Com a introdução política dos princípios de liberdade, igualdade e fraternidade que a Revolução Francesa (1789) lançou no mundo, foram adotados conceitos democráticos na linguagem política que nem sempre são transmitidos culturalmente, e só vagarosamente, incentivam mudanças no raciocínio individual e social que promovem novas mudanças no comportamento individual e social.

Apesar das importantes conquistas sociais de caráter democrático – o fim da escravidão como sistema, o combate ao racismo e ao machismo como instrumentos de discriminação social, a condenação jurídica do abuso de poder nas sociedades, o combate aos sistemas oligárquicos e autoritários pela criação de instituições jurídicas e oficiais de Estado que seguem os princípios democráticos estabelecidos nas Constituições nacionais – em pleno século XXI ainda surgem manifestações, políticas e individuais, de submissão ao mais forte com a falsa justificação do protecionismo que reforça o poder de um e a fragilidade do outro.

Dominados pela alienação social, ou pelo oportunismo pessoal, continuam a desejar um “dono” rico e forte que resolva os problemas da sociedade à sua maneira, mesmo que cometendo injustiças e impedindo a população dependente de alcançar sua autonomia e afirmação de dignidade. A propaganda da superioridade das elites que detêm o poder econômico e político, e com eles o social, como se fossem detentores de discernimento mental e capacidades acima de todo o povo mantido no atraso e na condição subalterna de trabalhador dependente, na verdade faz uso dos velhos preconceitos e mitos que se opõem aos de igualdade e fraternidade tão apregoados como alavancas eleitorais. Assim, torna-se fácil justificar que os governos devem estar nas mãos das elites que distribuirão a seu critério os recursos de sobrevivência e de formação cultural para a população trabalhadora, perpetuando o seu poder absoluto.

Os mesmos raciocínios de competência das elites para exercer o poder, são aplicados às nações: as menos desenvolvidas e mais pobres submetem-se às mais ricas e poderosas, como uma ordem natural das coisas que fica por conta dos deuses ou de outras formas de explicação mitológica. Aceitam-se os impérios resultantes da vocação expansionista que sugam as economias mais pobres e destroem todo o tipo de resistência popular, e ainda a publicidade do invasor como exercendo suposta missão pacificadora e democratizante.
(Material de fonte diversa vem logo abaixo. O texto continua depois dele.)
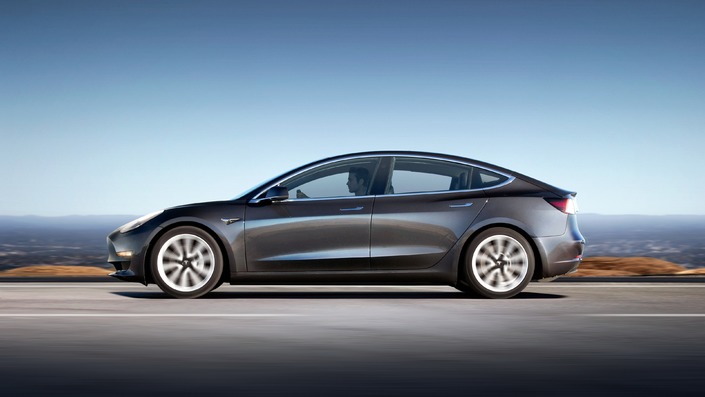 Rétroviseur cassé - Tesla Model 3 - Forum Automobile Propre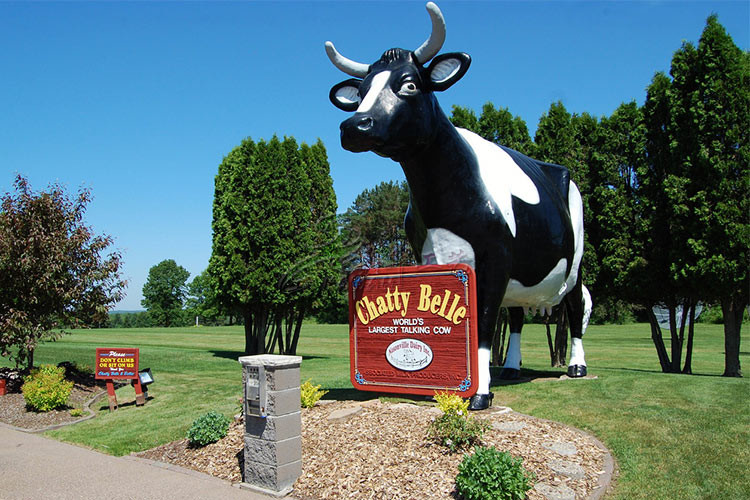 Outdoor Decoration Animatronic Animals , Electric Life Size Cow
De lado fica o que a história revela sobre os antecedentes predatórios e exploradores dos países que enriqueceram a custa de dominação de regiões por eles colonizadas, escravizadas e roubadas.

Quando hoje são referidos os “impérios”, nos textos históricos, são destacados os da antiguidade e depois os que desapareceram no decorrer do século XIX até as duas grandes guerras. O domínio do império britânico, assim como dos sistemas coloniais europeus e norte-americano ficam explicados pela revolução industrial que os dotou de um patrimônio tecnológico, bélico e financeiro que traduziu o poder aparentemente invencível quando em confronto com as nações ainda subdesenvolvidas.
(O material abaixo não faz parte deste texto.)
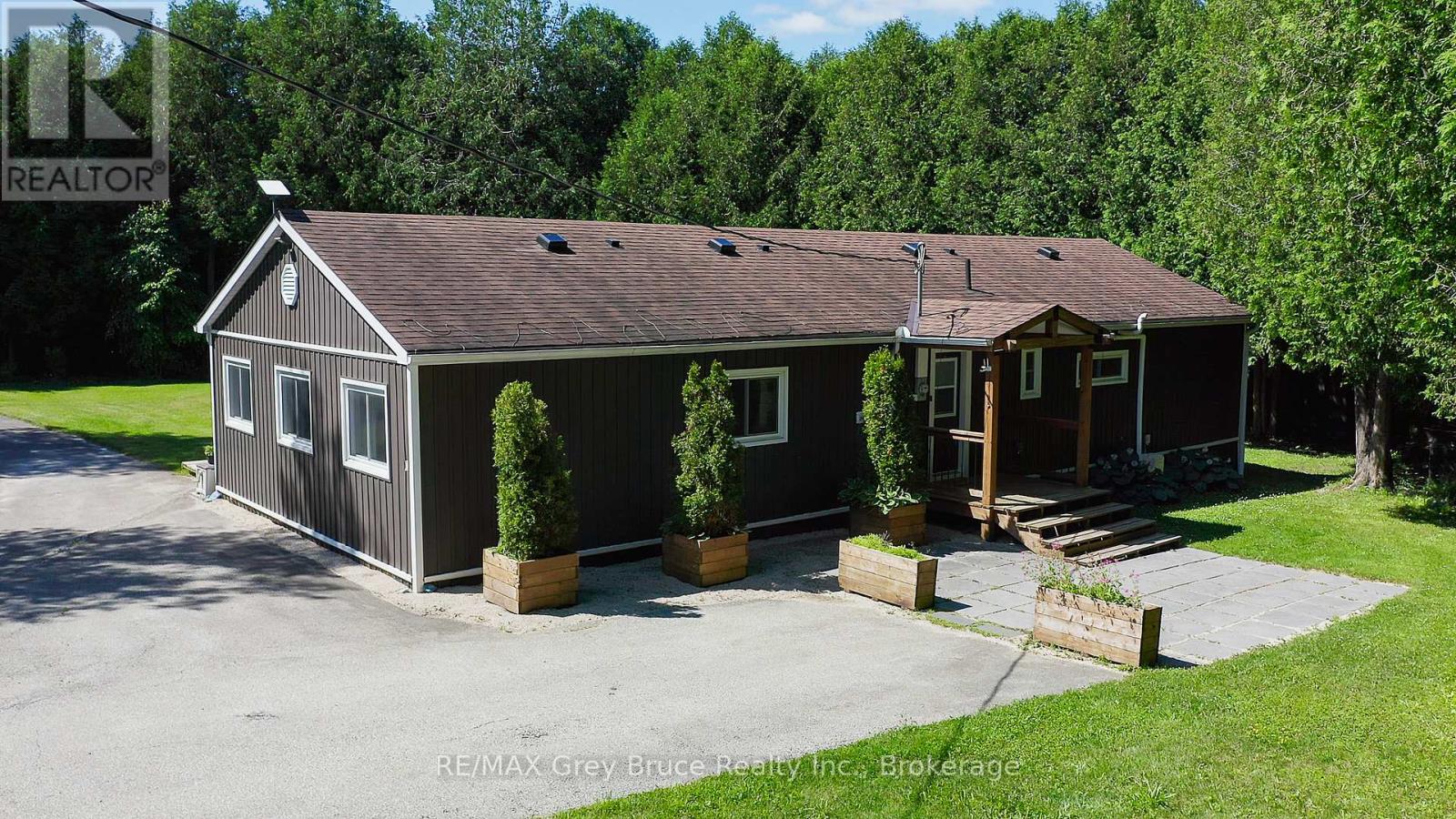 495204 Traverston Road, West Grey, Ontario  N0C 1H0 - Photo 3 - X12302567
As duas grandes guerras esgotaram as forças das nações imperiais européias e fortaleceram as dos Estados Unidos que desde a sua independência defendia uma doutrina isolacionista para fortalecer o desenvolvimento nacional. Na América (que incluía dentro do seu isolacionismo com o conceito de “América para os americanos”) apoiava a libertação colonial de várias nações e, aparentemente, colaborava com o desenvolvimento econômico local enquanto introduzia as suas empresas em substituição às européias. Assenhoreava-se dos setores fundamentais ligados a infraestrutura de transporte, comunicação e energia. Era o nascimento de um modelo imperialista mais ligado ao poder econômico que o das nações européias que definiam uma administração política dentro do país ocupado.
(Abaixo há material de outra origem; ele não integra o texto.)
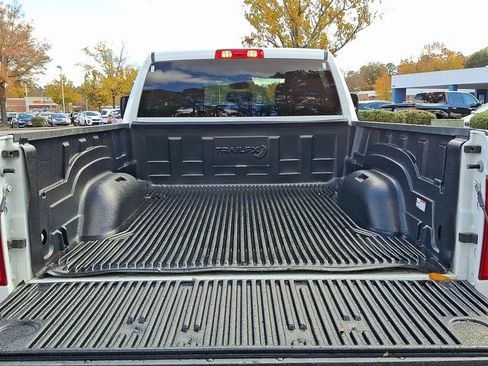 Used 2024 RAM 2500 Big Horn image 34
Com a participação decisiva no final da segunda guerra (ao mesmo tempo em que fabricava as primeiras armas atômicas, e as utilizava contra populações civis no Japão), os Estados Unidos passaram da aliança aos europeus no combate ao nazi-fascismo à liderança militar e econômica fortalecidas pela industria bélica e exploração de matérias primas. Foi um rude golpe na manutenção das antigas colônias européias, que já se inspiravam na revolução socialista para conquistarem a independência nacional. Essa liderança indiscutível, centrada no desenvolvimento do sistema capitalista ocidental, promoveu a diferença doutrinária da política norte-americana que assumiu claramente o expansionismo imperial. No fim da guerra mundial foram criados os organismos internacionais incumbidos da proteção e segurança mundial, com uma fachada democrática enriquecida pela Declaração dos Direitos Humanos e princípios de liberdade, fraternidade e solidariedade na promoção do desenvolvimento das nações.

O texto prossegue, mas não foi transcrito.